Protest Unfair Pay for Women

We all know that women get paid less than men, and on April 23, the Senate made it even harder for women to fight for their fair share.

The Senate failed to pass the Fair Pay Act and as a result failed to restore civil rights protections gutted by the Roberts Supreme Court in a case called Ledbetter v Goodyear. With the defeat of the bill, it is now extremely difficult for workers to sue for pay discrimination. The outcome also enables employers to benefit from concealing wage disparities.

Even worse, the effects of Ledbetter v Goodyear continue to spread. In the year since the decision, it was cited in 258 cases, including in the powerful federal courts of appeals in 12 of 13 circuits.

The Senate had a chance to right the Supreme Court's wrong, but they failed and thereby hindered the fight for fair pay. We need to undo the damage done by the Ledbetter case -- protest the Senate's failure to pass the Fair Pay Act! A parallel bill passed in the house so only the Senate is halting the progress of women and other groups who experience discrimination to fight for their fair share. A way to address equal pay for equal work and the consequences of the Supreme Court's decision in Ledbetter must be found!
I am outraged at the Senate's failure to pass the Fair Pay Act (S. 1843). Passage of the bill would have been an opportunity to reverse the effects of the Supreme Court's decision in Ledbetter v. Goodyear Tire & Rubber.

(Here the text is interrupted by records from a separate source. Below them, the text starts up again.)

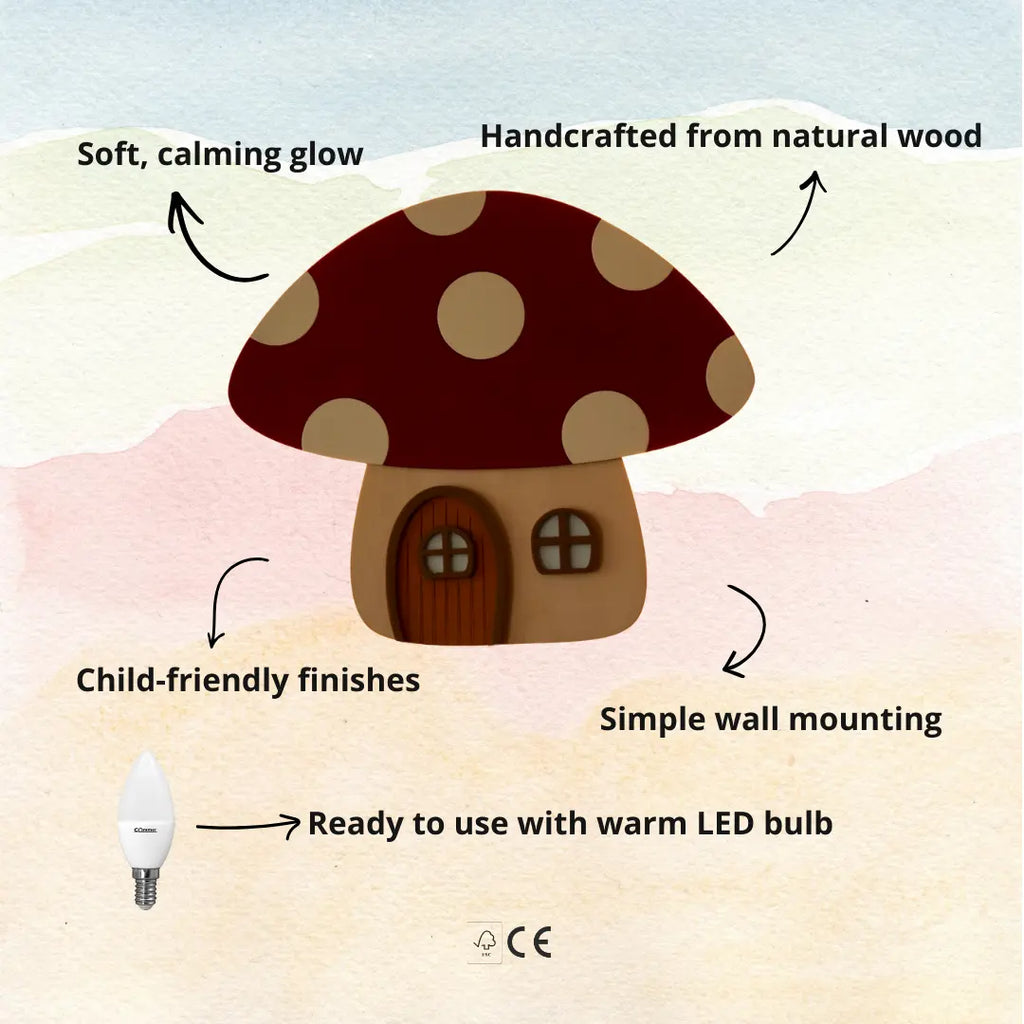 Pilzförmige Wandlampe aus Holz fürs Kinderzimmer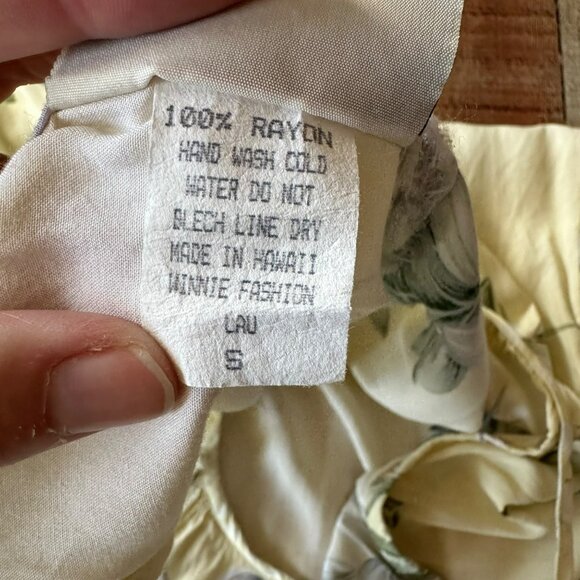 Vintage Winnie Fashion Floral Dress Size S Yellow Hawaiian Halter Swim Cover up - Picture 7 of 8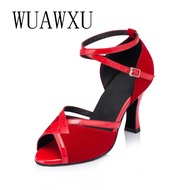 【100%-New】 Natasha Red Latin Dance Shoes Women's 8cm Medium High Heels Performance Shoes Performance Party Dance Shoes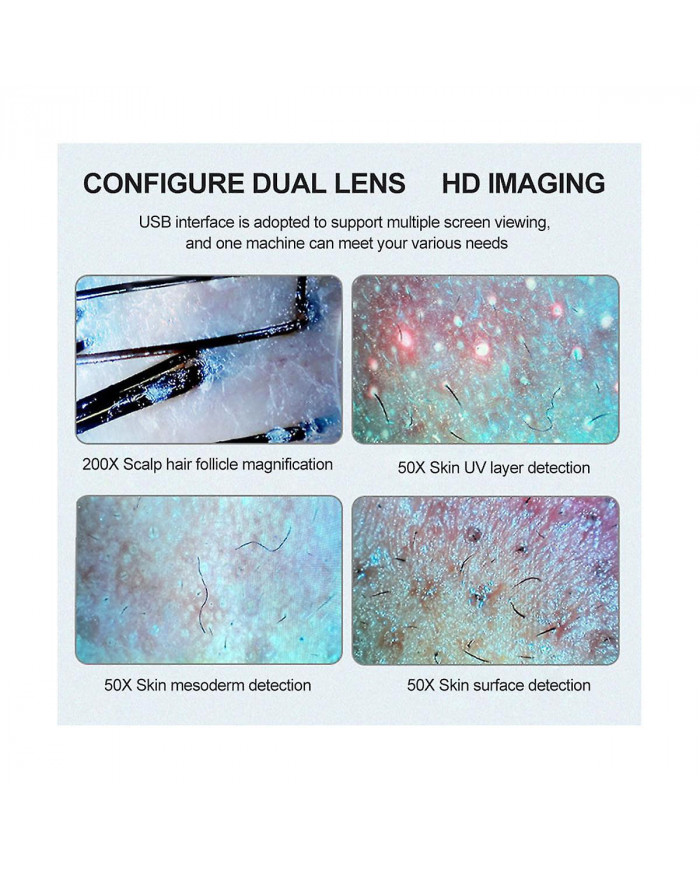 11 pouces Lcd écran peau cheveux cuir chevelu détecteur follicule pileux détecteur grossissant 200x test de microscope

Lilly Ledbetter worked for Goodyear Tire and Rubber Co. in Gadsden, Alabama for nearly twenty years. For most of this time, she worked as an area manager, a position largely held by men. By 1997, she was the only female manager and was paid $3727 per month. The salaries of her male coworkers, regardless of their time on the job, ranged from $4286-5326 per month.

This was blatant discrimination, but the Supreme Court decided that employees cannot challenge ongoing compensation discrimination if the employer's original discriminatory decision occurred more than 180 days before, even when the employee continues to receive paychecks that have been discriminatorily reduced.

Because pay information is often confidential, it may take a long time for an employee to realize that she is experiencing compensation discrimination. In addition, the law under the Ledbetter decision provides an incentive for employers to conceal, rather than correct, compensation discrimination.

The decision in Ledbetter severely limited workers' ability to seek remedies for violations of their rights when it comes to gender and other forms of discrimination.

Even worse, the effects of Ledbetter are not confined to employment cases. Recently, the Ninth Circuit issued an en banc opinion in a fair housing case that relied heavily on the statute of limitations reasoning employed in Ledbetter. In Garcia v. Brockway, the court severely limited the enforceability of the Fair Housing Act (FHA) -- a law enacted in part to protect disabled people from discrimination in housing. The court held that under the law, a person claiming that a building's design or construction fails to meet FHA standards must file a complaint within two years of the completion of construction, rather than within two years of when the disabled person first experiences the discrimination by not being able to access the building.

The Senate had a chance to right these wrongs by the Supreme Court, and they failed. A parallel bill passed in the house, and so it is just the Senate getting in the way of women and other discriminated-against groups to fight for their fair share.

A way to address equal pay for equal work and the consequences of the Supreme Court's decision in Ledbetter must be found!